That's the entire library surface. Plus a unit test exercising every constant through `ParseExitCode` and round-tripping `HaltIntent` through `encoding/json`.

Notable omissions, all deliberate:
- **No `UpgradeInfo` reader.** The on-disk `upgrade-info.json` shape is owned by `x/upgrade/keeper` in sei-cosmos. Duplicating it here would create a drift hazard with no payoff — sei-config doesn't need it; the controller can vendor a 30-line struct itself if it ever does.
- **No file IO.** sei-config does not write or read `halt-intent.json`. The single source of truth is the live endpoint.
- **No constructor for the SIGINT/exit helper.** The producer-side helper (`gracefulHalt`) lives next to its callsites in sei-cosmos, since it needs the upgrade keeper for `DumpUpgradeInfoWithInfoToDisk`. It references `seiconfig.ExitCodeUpgradeRequired` etc. The library does not export a `GracefulHalt(...)` function.

## Producer side (sei-chain — out of scope for this PR, sketched)

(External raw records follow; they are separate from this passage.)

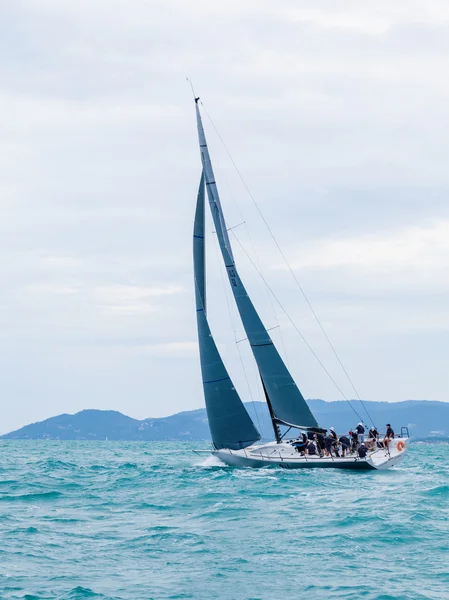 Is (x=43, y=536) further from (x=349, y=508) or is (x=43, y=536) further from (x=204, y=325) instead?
(x=204, y=325)

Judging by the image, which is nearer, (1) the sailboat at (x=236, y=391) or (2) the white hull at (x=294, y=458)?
(2) the white hull at (x=294, y=458)

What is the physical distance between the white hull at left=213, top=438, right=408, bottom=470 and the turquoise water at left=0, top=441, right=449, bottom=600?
84 centimetres

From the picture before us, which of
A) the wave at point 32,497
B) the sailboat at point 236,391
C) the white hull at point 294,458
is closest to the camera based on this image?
the wave at point 32,497

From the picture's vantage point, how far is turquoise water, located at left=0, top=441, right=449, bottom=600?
1445 cm

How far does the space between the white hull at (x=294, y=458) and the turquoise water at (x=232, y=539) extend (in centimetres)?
84

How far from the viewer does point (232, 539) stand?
18.8 meters

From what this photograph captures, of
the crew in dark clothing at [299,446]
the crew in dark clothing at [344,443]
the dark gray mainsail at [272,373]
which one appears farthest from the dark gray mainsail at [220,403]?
the crew in dark clothing at [344,443]

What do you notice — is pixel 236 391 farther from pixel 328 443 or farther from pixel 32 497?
pixel 32 497

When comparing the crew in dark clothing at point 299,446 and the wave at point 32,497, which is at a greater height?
the crew in dark clothing at point 299,446

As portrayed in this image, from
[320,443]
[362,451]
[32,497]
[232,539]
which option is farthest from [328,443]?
[232,539]

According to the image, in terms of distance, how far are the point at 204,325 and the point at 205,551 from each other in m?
19.5

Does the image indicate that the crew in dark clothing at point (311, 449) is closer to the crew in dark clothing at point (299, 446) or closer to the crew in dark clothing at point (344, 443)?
the crew in dark clothing at point (299, 446)

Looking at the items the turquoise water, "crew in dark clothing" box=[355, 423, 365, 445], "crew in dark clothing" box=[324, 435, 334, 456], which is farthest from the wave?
"crew in dark clothing" box=[355, 423, 365, 445]

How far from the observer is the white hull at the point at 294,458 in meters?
31.7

In `sei-cosmos/x/upgrade/abci.go`, replace the three `panic()` calls with calls to a new helper `gracefulHalt(reason, intent)` that:

1. Sets the HaltIntent on a process-global holder (an `RWMutex`-protected struct in a small new package, importable by both `x/upgrade` and the `/status` handler in `sei-tendermint`).
2. Performs the existing logging + raw stderr write + (for the line-119 path) `upgrade-info.json` write. **No change to those existing artifacts.**
3. Sends `SIGINT` to self, mirroring the existing `BaseApp.halt()` pattern.
4. The shutdown defer in `sei-cosmos/server/start.go:459-484` is extended to read the holder, look up the matching exit code via `seiconfig.ParseExitCode`, and call `os.Exit(N)` with the distinct code instead of returning normally.

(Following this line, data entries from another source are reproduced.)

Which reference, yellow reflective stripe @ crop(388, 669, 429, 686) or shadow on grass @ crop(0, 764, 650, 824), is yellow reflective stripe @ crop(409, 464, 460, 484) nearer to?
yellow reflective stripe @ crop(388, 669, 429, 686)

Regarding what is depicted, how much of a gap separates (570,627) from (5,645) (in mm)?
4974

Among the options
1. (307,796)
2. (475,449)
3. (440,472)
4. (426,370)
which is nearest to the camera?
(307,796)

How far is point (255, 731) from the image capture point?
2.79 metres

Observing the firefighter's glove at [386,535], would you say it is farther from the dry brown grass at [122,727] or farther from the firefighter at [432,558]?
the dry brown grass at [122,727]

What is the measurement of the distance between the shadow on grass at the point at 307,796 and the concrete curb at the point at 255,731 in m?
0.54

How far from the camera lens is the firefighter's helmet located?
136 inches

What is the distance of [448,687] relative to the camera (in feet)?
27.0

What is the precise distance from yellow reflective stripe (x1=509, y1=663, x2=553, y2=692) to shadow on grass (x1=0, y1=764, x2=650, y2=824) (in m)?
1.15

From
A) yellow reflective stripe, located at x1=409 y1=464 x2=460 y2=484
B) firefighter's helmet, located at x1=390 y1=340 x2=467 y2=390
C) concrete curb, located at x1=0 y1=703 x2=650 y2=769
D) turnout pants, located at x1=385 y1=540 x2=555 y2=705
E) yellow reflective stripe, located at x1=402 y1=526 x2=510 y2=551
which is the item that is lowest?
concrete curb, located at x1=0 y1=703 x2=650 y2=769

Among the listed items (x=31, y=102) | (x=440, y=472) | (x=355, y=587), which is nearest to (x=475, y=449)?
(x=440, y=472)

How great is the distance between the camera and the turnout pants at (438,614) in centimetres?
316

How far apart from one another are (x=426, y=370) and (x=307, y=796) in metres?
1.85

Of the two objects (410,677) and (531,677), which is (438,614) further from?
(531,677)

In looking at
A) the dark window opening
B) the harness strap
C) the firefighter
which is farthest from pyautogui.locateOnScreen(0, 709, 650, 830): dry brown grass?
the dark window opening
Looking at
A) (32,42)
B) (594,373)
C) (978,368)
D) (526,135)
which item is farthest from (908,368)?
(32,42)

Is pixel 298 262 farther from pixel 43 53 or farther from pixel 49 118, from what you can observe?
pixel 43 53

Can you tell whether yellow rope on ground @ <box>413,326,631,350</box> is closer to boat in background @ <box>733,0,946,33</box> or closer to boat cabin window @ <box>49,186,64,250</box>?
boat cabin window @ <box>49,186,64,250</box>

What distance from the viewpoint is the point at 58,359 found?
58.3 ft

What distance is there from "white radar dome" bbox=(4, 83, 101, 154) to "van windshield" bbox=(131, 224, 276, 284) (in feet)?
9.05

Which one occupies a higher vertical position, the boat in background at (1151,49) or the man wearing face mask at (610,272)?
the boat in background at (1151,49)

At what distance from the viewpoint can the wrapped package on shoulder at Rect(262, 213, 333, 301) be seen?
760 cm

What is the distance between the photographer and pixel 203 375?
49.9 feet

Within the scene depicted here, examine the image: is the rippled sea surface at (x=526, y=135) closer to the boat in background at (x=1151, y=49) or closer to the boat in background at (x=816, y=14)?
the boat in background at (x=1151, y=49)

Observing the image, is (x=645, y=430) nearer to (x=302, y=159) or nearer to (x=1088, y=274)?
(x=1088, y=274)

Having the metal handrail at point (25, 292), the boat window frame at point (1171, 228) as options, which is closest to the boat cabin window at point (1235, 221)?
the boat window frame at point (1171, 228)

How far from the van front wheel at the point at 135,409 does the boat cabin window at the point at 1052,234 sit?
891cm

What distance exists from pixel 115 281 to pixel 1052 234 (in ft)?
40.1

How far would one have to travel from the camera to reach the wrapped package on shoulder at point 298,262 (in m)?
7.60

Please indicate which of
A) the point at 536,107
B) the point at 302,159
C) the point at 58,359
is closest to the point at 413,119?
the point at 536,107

This reuses the existing graceful-shutdown plumbing rather than inventing a parallel one. It is a much smaller change than it would first appear.

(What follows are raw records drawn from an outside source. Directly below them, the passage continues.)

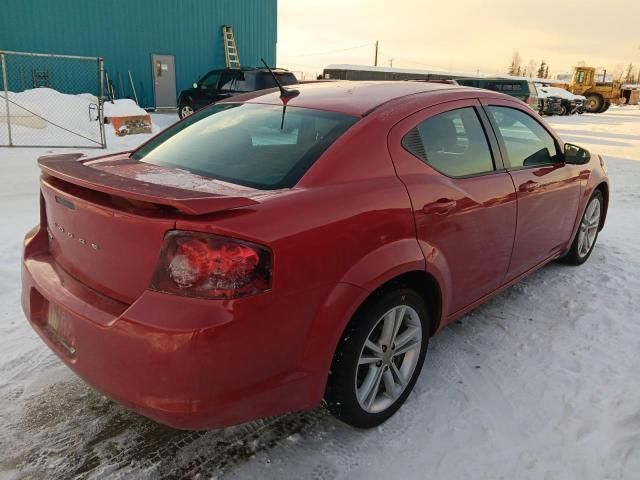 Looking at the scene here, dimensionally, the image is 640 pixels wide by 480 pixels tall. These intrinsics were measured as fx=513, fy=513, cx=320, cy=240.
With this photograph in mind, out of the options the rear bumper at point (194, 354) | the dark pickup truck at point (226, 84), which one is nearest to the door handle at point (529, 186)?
the rear bumper at point (194, 354)

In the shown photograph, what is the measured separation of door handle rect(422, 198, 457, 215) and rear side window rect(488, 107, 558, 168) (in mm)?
869

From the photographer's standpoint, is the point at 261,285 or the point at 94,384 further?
the point at 94,384

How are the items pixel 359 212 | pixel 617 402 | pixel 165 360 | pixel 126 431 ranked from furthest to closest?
pixel 617 402
pixel 126 431
pixel 359 212
pixel 165 360

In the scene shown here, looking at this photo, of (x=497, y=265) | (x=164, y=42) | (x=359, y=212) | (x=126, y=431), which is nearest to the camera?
(x=359, y=212)

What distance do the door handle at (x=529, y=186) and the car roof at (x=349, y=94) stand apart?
71 cm

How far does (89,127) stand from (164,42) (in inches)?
324

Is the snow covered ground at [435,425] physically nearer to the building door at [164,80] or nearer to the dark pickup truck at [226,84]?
the dark pickup truck at [226,84]

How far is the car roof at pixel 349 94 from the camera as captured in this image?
2.64 m

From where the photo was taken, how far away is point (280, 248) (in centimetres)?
184

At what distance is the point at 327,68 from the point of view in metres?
35.0

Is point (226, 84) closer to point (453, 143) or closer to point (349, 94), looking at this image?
point (349, 94)

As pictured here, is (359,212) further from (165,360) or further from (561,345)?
(561,345)

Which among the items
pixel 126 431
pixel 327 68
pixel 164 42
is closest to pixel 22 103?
pixel 164 42

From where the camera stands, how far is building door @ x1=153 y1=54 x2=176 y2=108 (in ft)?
63.5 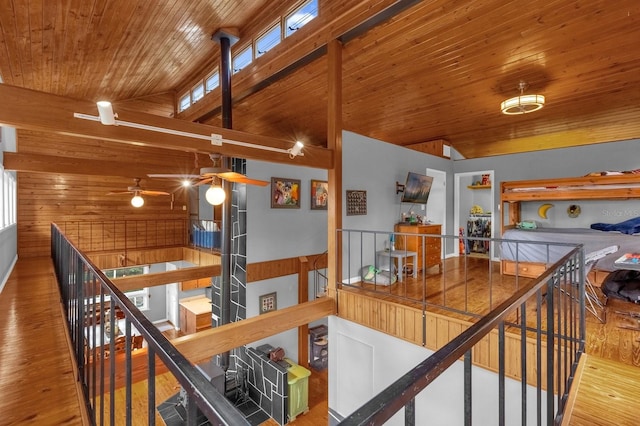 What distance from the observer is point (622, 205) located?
200 inches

### Default vs stay-alive mode

A new boolean flag, default `false`, gates the live-endpoint behavior:

- **Off (default — equivalent to today):** `gracefulHalt` triggers the SIGINT shutdown path immediately. Process exits with the distinct exit code. Status servers go down with consensus. No surprise for current operators; the only observable change vs. today is a clean exit code (70/71/72) instead of panic exit code 2 with a stack trace.
- **On (stay-alive):** `gracefulHalt` populates the holder, stops consensus, and **leaves the four servers running indefinitely**. Process exits only on external `SIGTERM`/`SIGINT`. The supervisor (sidecar, controller, human) drives termination after observing the halt intent and taking action.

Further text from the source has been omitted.